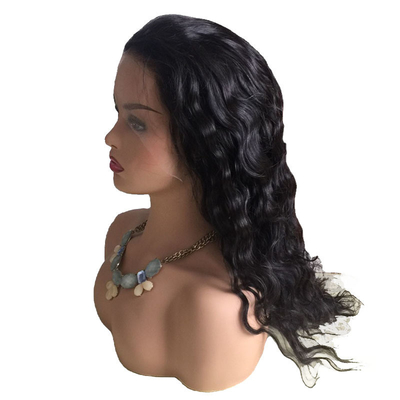 Small/Large/Average Size Natural Curly Virgin Brazilian Human Hair Full Lace Wigs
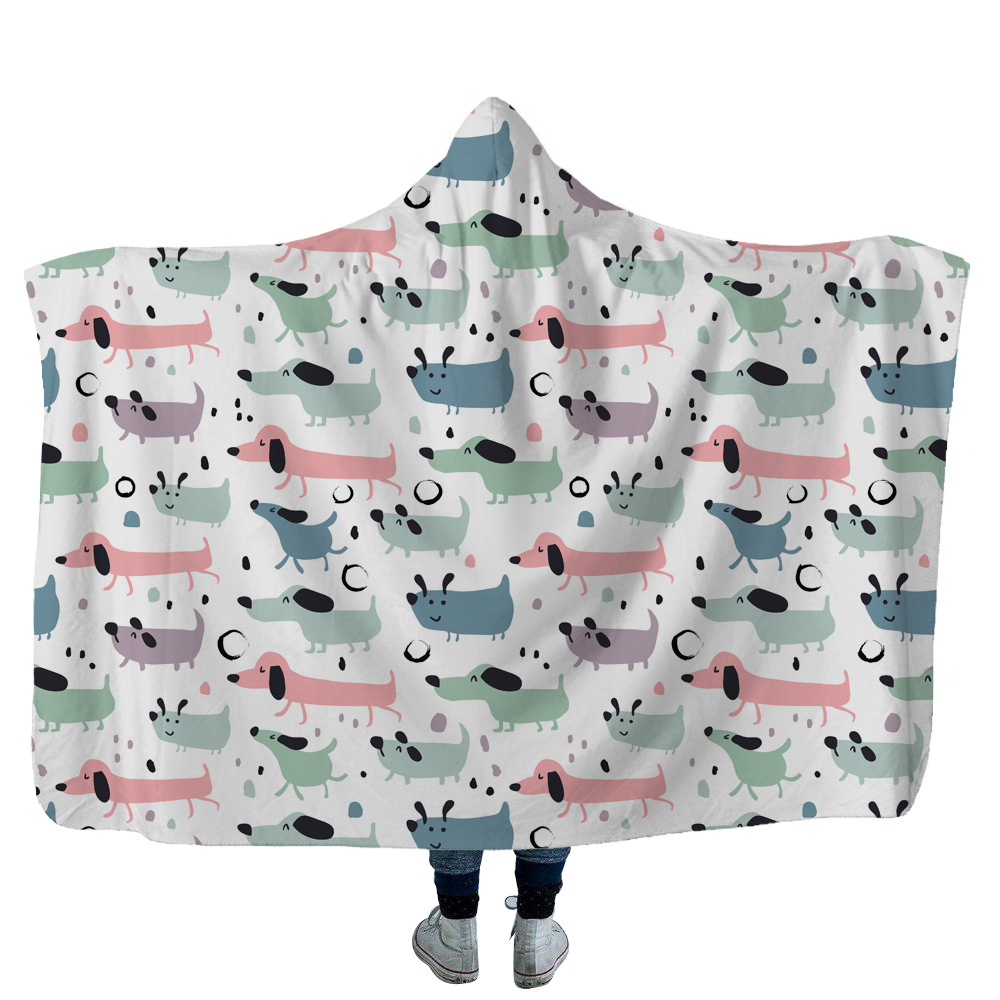 High Quality 22 Dachshund Hooded Blanket 9 Dachshund Hooded Blanket 8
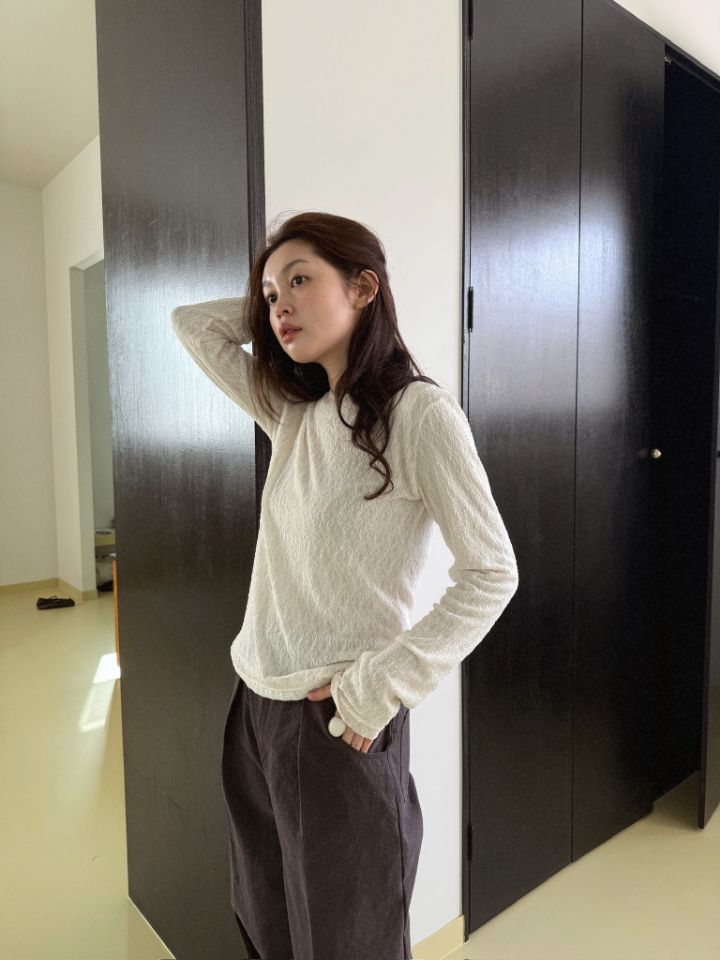 MARE東大門直郵女士新品26春夏人氣推薦真品休閑長袖T恤蕾絲MARE長袖T恤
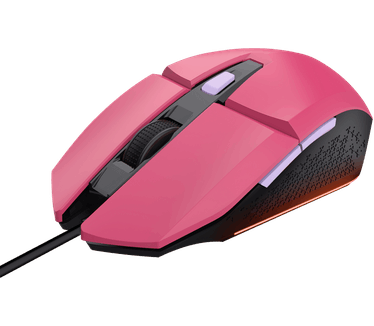 Trust Trust Gaming GXT 109P Felox Gaming Muis met 6 Programmeerbare Knoppen, Ledverlichting, Geïntegreerde Software, 200-6400 DPI, 150 cm USB Kabel, Wired Gaming Mouse voor PC/Laptop - Roze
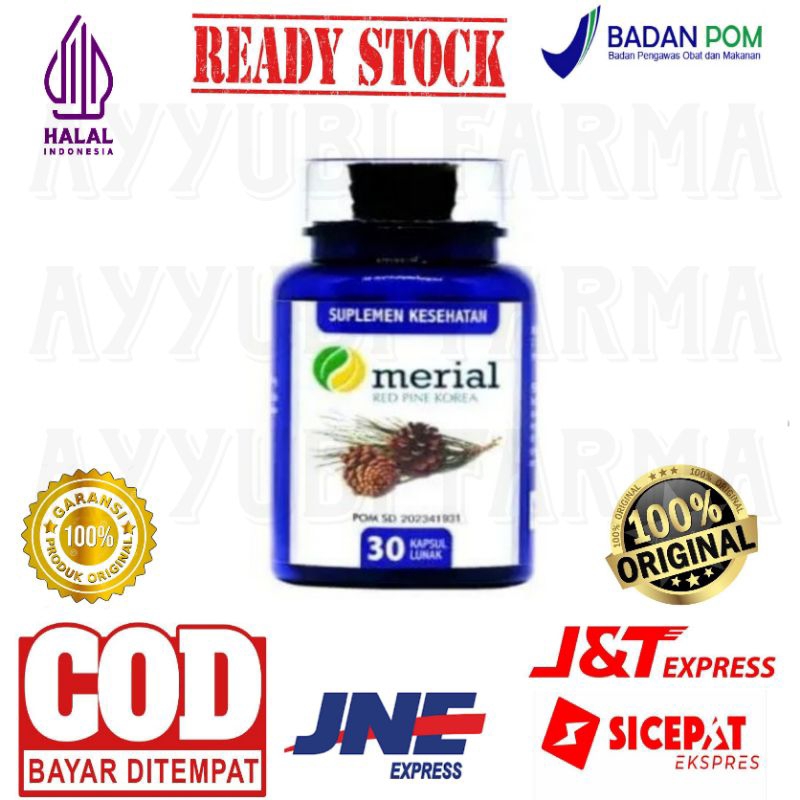 Merial Red Pine Korea 100% Original Suplemen Kesehatan Tubuh Ampuh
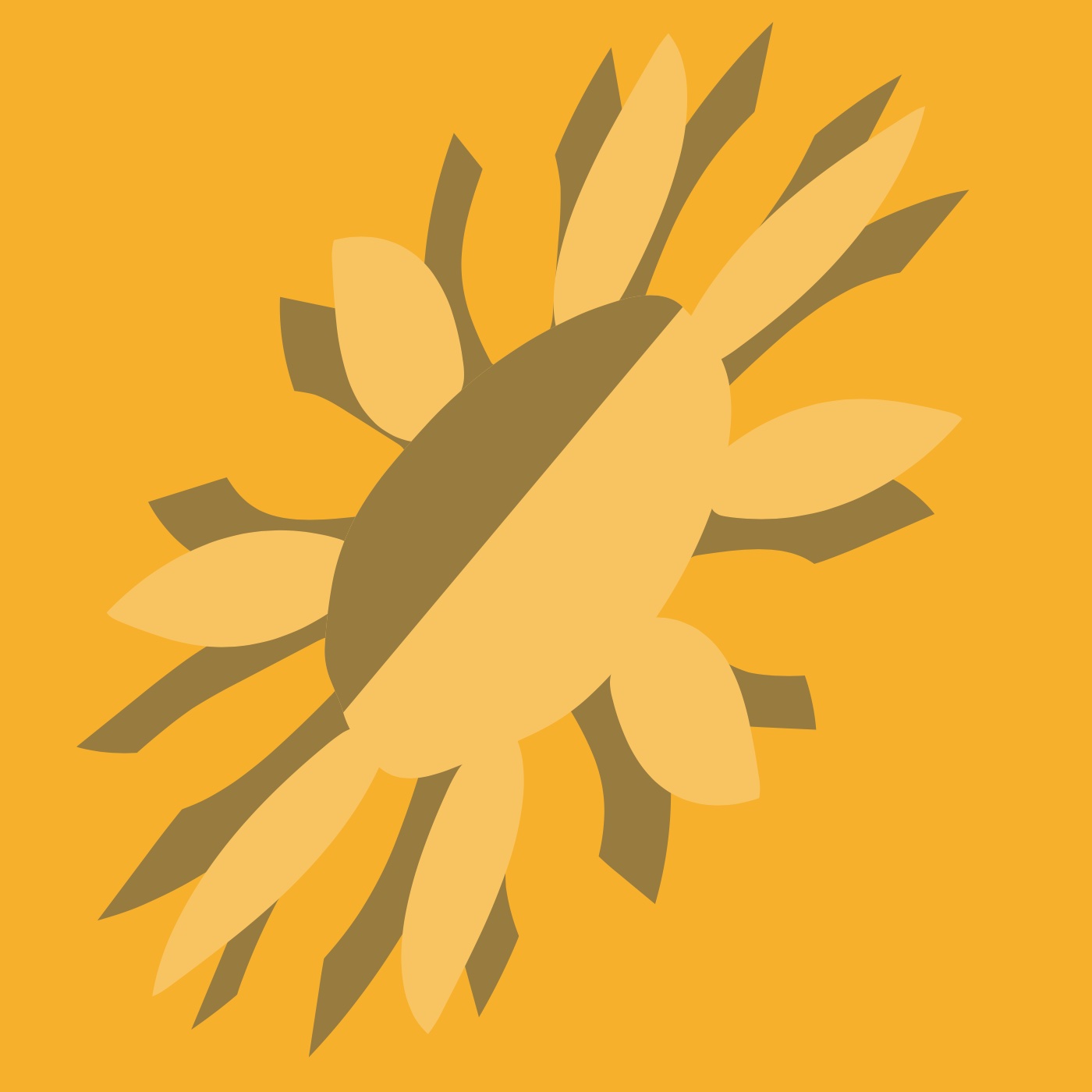 Tournesol par Elora Landwerlin — motif de carreau de ciment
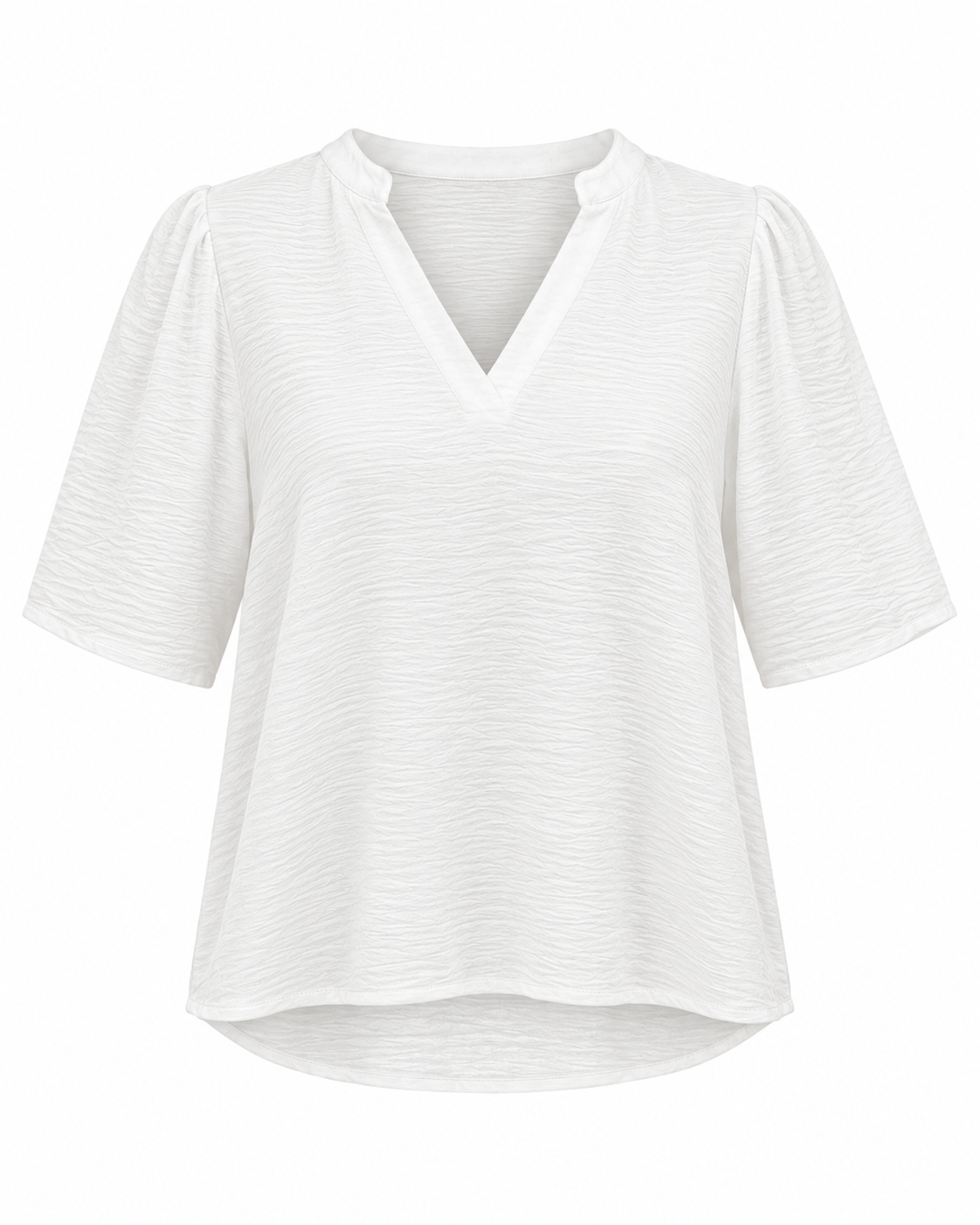 Halbarm-Bluse mit V-Ausschnitt von Lolaliza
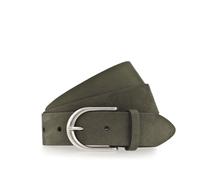 Vanzetti - * Velours-Damengürtel in 35 mm * schlichte Dornschließe in glänzendem Silber * femininer und modi... grün | 2026-10nos 02.03.2..., 90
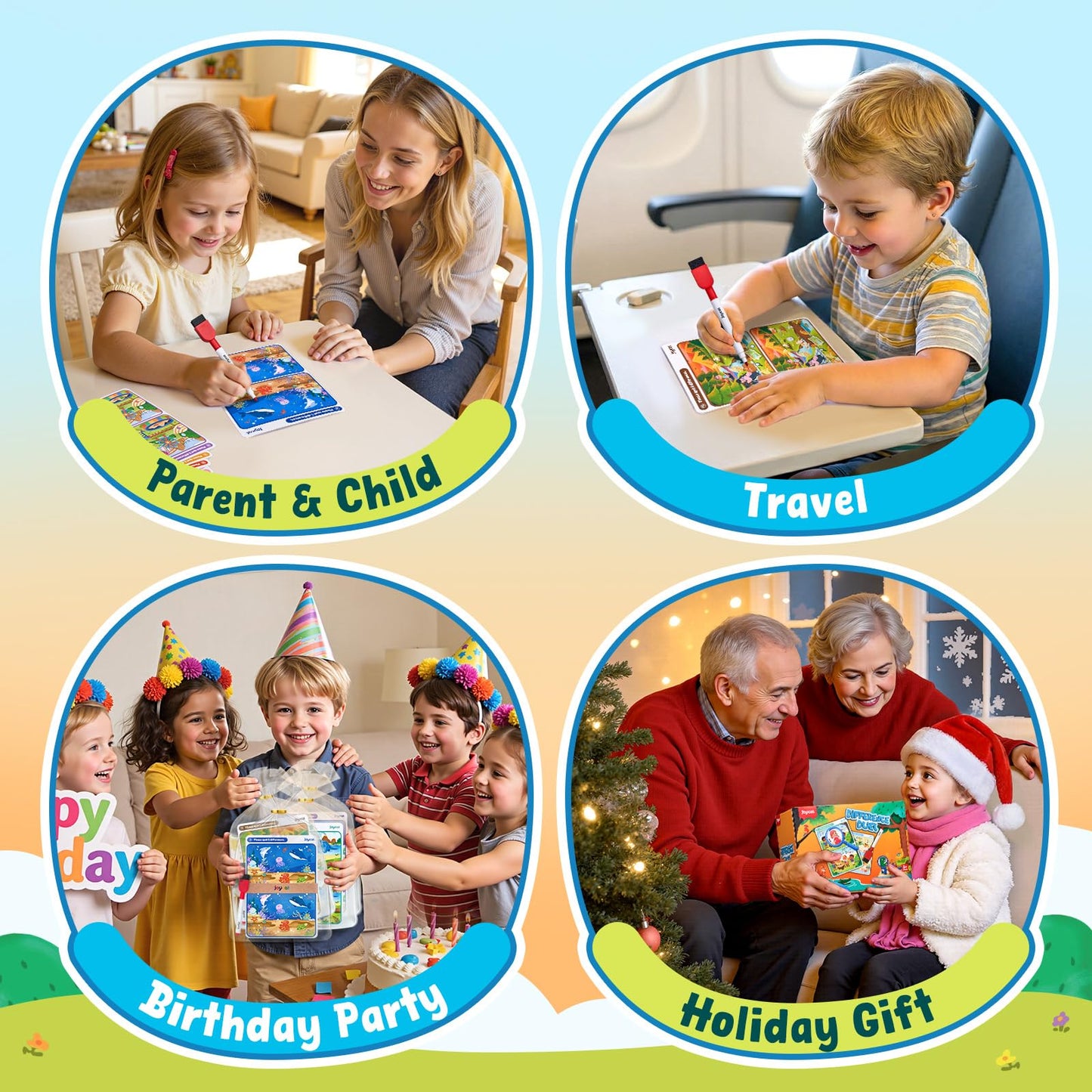 JoyCat 24-Pack Spot the Difference Cards – Party Favors & Prizes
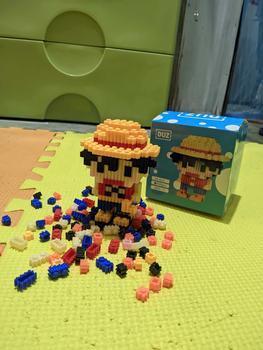 Product Review of Cute Cartoon Block Mini Character Building Block Children's Education Toys Game Character Desktop Decorations For Gift Valentine's Day Gifts from M**️ 1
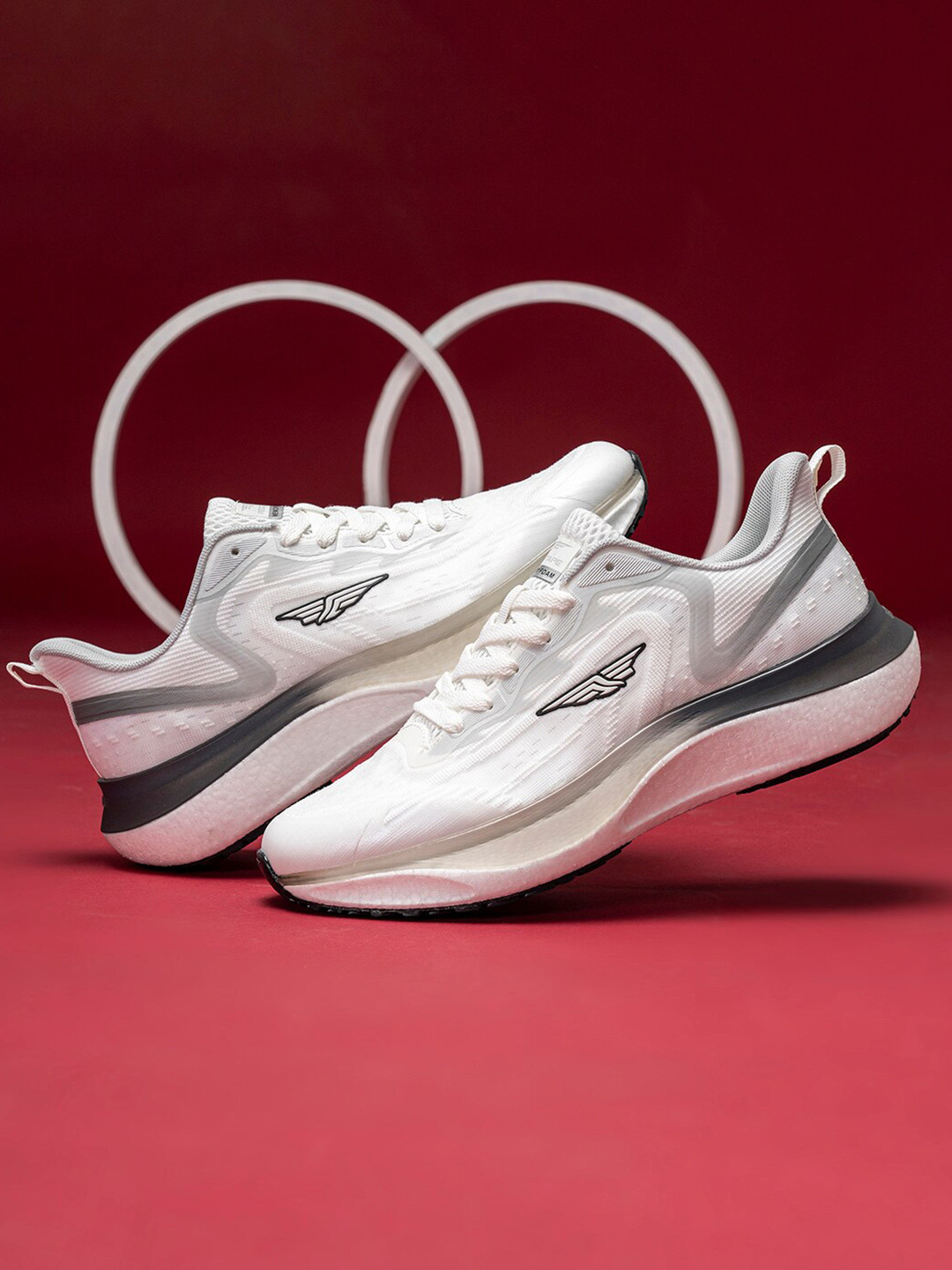 Red Tape Men Mesh Lace-Ups ETPU Walking Shoes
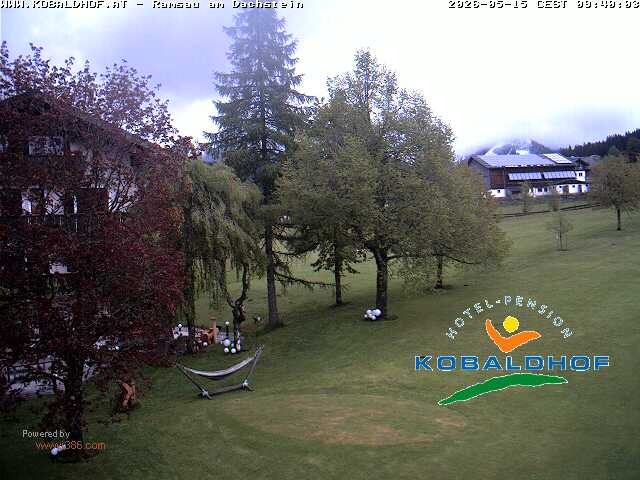 Archiv Foto Webcam Ramsau am Dachstein: Golfplatz am Kobaldhof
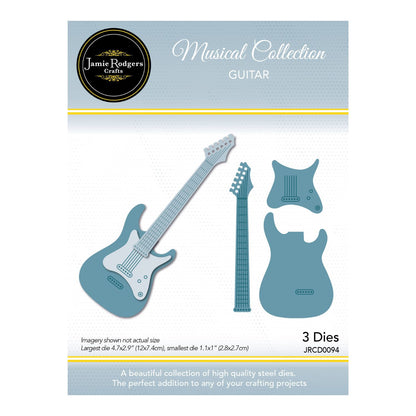 Jamie Rodgers Crafts - Guitar Craft Die Set - The Musical Collection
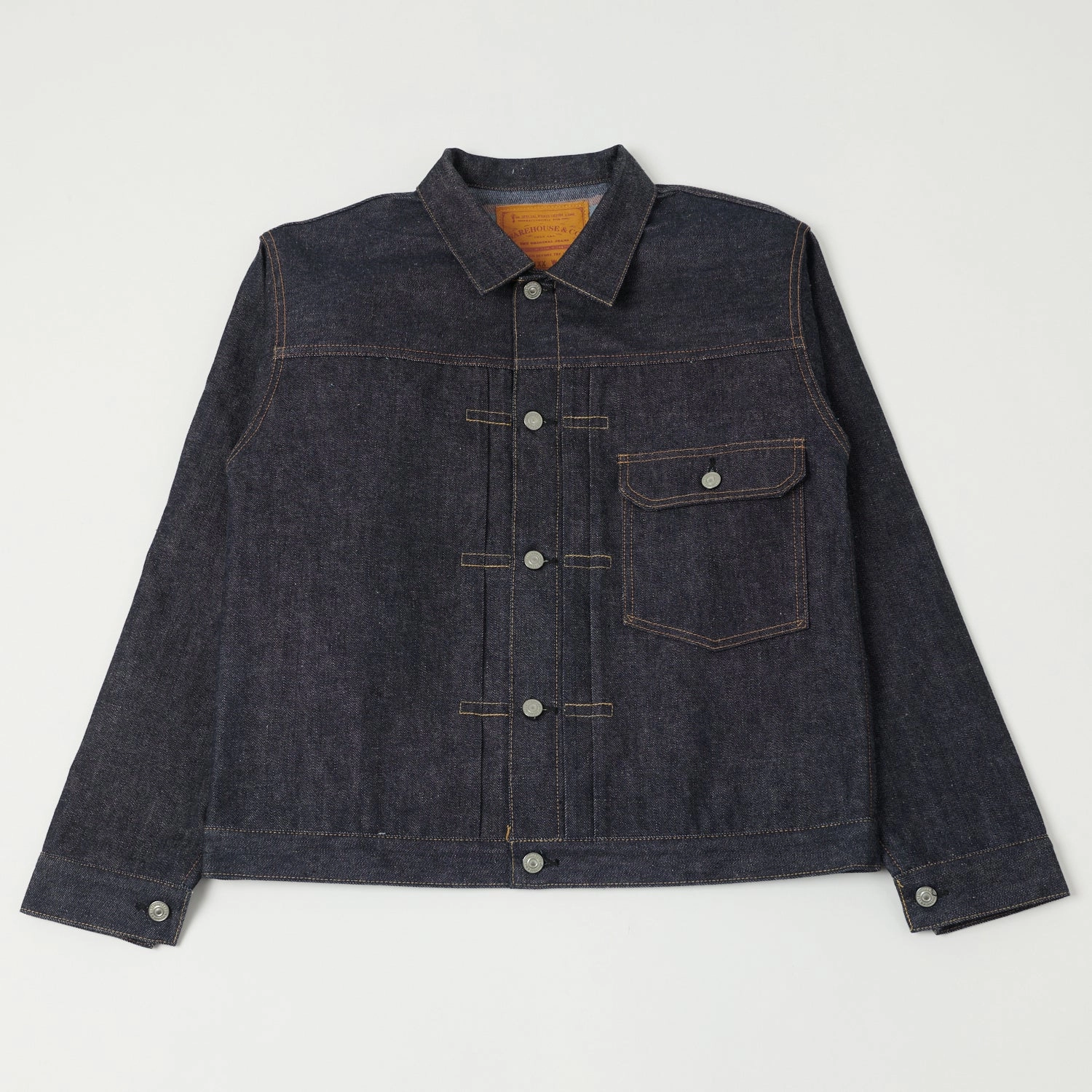 Warehouse & Co 2001XX (2000XX) Blanket Lined Type-I Denim Jacket - Raw Modern Minimal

···

→ Task item
The answer is the full listing above, repeated exactly, with its pictures removed.

→ Exercise result
 Small/Large/Average Size Natural Curly Virgin Brazilian Human Hair Full Lace Wigs
 High Quality 22 Dachshund Hooded Blanket 9 Dachshund Hooded Blanket 8
 MARE東大門直郵女士新品26春夏人氣推薦真品休閑長袖T恤蕾絲MARE長袖T恤
 Trust Trust Gaming GXT 109P Felox Gaming Muis met 6 Programmeerbare Knoppen, Ledverlichting, Geïntegreerde Software, 200-6400 DPI, 150 cm USB Kabel, Wired Gaming Mouse voor PC/Laptop - Roze
 Merial Red Pine Korea 100% Original Suplemen Kesehatan Tubuh Ampuh
 Tournesol par Elora Landwerlin — motif de carreau de ciment
 Halbarm-Bluse mit V-Ausschnitt von Lolaliza
 Vanzetti - * Velours-Damengürtel in 35 mm * schlichte Dornschließe in glänzendem Silber * femininer und modi... grün | 2026-10nos 02.03.2..., 90
 JoyCat 24-Pack Spot the Difference Cards – Party Favors & Prizes
 Product Review of Cute Cartoon Block Mini Character Building Block Children's Education Toys Game Character Desktop Decorations For Gift Valentine's Day Gifts from M**️ 1
 Red Tape Men Mesh Lace-Ups ETPU Walking Shoes
 Archiv Foto Webcam Ramsau am Dachstein: Golfplatz am Kobaldhof
 Jamie Rodgers Crafts - Guitar Craft Die Set - The Musical Collection
 Warehouse & Co 2001XX (2000XX) Blanket Lined Type-I Denim Jacket - Raw Modern Minimal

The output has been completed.